For instance, we know that children whose caregivers produce lots of complex sentences produce complex sentences earlier than children who hear fewer of them. Children’s input comes from sources beyond their caregivers’ natural speech, however, and researchers have become increasingly interested in input from these other sources. My co-author and I were interested in the prevalence of a specific type of information in children’s books but needed to know which books we should analyze (if you’re interested in books as input, presumably you should analyze books that children are actually being exposed to).

We conducted a survey of parents and caregivers asking about the English-language books they were reading to their child, to help us select our books for analysis.  Although we initially created this dataset to conduct our own research, we quickly realized the potential the dataset had, and so decided to share it with the wider research community.

The resulting database – which we call the Infant Bookreading Database (or IBDb) – includes responses from 1,107 caregivers of children aged 0-36 months, who answered questions about the five books they were reading to their child most often at the time. The dataset also includes demographic and language development information, so the data can be analyzed separately for children of different ages, genders, or language skill levels, or for the caregiver’s age, gender or education level.

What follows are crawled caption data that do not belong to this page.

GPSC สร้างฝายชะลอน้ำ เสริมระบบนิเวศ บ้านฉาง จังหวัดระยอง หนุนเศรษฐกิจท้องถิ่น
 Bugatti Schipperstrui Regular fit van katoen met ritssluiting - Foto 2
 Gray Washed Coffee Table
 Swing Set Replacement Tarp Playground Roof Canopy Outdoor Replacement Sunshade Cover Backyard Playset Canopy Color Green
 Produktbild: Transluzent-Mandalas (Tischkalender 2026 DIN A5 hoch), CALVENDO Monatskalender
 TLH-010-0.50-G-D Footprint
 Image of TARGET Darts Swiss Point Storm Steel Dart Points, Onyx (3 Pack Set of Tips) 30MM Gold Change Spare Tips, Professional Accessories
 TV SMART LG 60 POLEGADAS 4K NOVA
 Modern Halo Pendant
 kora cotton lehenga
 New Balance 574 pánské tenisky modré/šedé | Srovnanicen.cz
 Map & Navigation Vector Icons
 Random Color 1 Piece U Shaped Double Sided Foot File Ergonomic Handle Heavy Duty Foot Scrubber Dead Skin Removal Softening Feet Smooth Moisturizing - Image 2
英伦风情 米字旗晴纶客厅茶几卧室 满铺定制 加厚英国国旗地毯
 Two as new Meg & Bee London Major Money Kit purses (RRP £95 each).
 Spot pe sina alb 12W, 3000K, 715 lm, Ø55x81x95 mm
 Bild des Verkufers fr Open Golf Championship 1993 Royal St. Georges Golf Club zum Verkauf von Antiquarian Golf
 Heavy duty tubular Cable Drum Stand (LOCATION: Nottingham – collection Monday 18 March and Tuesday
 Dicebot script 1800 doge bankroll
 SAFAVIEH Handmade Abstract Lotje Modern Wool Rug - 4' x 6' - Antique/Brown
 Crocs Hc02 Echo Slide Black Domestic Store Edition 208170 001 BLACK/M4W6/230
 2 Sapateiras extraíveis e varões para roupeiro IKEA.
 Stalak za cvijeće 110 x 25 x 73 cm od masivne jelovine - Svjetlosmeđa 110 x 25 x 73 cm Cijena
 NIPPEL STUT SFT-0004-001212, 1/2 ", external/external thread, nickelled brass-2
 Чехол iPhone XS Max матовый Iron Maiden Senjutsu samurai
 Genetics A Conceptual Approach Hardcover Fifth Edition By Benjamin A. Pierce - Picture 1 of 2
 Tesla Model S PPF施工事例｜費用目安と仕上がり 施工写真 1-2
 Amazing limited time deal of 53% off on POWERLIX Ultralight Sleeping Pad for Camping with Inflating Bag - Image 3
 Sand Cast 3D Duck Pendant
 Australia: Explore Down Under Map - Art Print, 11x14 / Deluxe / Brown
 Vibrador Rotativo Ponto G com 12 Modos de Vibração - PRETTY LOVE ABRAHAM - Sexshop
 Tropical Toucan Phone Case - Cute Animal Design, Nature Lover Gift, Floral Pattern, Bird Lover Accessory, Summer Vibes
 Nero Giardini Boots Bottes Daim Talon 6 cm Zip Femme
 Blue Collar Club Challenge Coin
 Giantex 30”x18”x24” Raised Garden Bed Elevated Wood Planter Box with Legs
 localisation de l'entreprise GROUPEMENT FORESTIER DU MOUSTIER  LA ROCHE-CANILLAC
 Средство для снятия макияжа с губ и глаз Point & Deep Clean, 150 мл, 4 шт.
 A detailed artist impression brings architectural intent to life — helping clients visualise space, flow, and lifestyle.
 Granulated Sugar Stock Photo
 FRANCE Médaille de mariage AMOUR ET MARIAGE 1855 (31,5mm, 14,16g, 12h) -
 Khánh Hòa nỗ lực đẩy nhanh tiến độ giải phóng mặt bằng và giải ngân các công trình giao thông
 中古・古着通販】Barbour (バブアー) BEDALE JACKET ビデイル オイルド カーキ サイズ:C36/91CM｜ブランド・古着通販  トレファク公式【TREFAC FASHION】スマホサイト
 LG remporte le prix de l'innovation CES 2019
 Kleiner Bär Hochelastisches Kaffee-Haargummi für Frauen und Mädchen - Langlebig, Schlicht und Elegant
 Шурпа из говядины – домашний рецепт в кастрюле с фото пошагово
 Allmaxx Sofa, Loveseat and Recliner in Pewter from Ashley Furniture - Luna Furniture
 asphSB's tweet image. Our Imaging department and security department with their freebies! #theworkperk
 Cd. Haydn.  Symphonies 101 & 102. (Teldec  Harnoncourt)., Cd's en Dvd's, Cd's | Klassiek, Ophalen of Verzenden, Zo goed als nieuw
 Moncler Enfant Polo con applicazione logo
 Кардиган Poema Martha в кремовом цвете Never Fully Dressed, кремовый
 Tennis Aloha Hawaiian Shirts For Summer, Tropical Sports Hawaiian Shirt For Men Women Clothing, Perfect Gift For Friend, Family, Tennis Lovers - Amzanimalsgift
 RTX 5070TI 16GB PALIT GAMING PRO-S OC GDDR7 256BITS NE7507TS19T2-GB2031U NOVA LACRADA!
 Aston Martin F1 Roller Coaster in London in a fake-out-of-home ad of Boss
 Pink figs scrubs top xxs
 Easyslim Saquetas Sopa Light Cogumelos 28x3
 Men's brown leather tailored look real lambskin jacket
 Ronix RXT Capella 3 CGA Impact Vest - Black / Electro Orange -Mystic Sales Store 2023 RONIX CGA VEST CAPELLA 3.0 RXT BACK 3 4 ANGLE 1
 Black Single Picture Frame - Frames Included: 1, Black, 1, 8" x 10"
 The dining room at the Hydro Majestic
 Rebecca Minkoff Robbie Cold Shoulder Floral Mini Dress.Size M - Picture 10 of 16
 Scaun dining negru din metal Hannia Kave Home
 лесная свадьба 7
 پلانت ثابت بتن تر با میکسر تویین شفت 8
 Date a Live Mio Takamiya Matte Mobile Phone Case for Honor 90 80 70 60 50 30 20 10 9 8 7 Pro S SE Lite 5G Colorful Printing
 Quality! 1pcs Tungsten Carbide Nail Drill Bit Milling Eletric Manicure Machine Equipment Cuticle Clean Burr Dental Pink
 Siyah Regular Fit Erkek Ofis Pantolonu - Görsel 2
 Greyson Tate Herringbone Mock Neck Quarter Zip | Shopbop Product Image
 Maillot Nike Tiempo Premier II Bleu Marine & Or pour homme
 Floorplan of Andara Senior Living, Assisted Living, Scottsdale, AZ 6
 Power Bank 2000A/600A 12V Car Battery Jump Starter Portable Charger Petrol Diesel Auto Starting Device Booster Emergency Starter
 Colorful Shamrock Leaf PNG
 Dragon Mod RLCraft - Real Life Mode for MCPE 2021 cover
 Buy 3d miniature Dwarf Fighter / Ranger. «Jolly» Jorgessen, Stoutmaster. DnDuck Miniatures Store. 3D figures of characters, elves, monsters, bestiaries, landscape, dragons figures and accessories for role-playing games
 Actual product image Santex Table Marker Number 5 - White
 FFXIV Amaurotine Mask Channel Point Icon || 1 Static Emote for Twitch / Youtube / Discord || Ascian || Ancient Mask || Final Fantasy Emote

There were 2,227 unique titles listed by caregivers, and 1,617 are identifiable (meaning we could figure out exactly which book the respondent was referring to). One of the most striking things about the identifiable titles is how much variation there is in which books children are hearing. Only one book was listed by more than 200 respondents (Goodnight Moon by M. Wise Brown), two were listed more than 100 but less than 200 times (The Very Hungry Caterpillar by E. Carle and Brown Bear, Brown Bear, What do you See? by B. Martin and E. Carle), and only four books were listed 50-99 times (so by at least 4.5% of our sample). The overwhelming majority of titles were only listed by one or two respondents. So while there are a small number of fairly popular books that show up again and again in our data, most books are being read to only one or two children in our sample.

The IBDb is available for download for use by researchers (and anyone else who is interested) at linguistics.ubc.ca/ubc-ibdb/.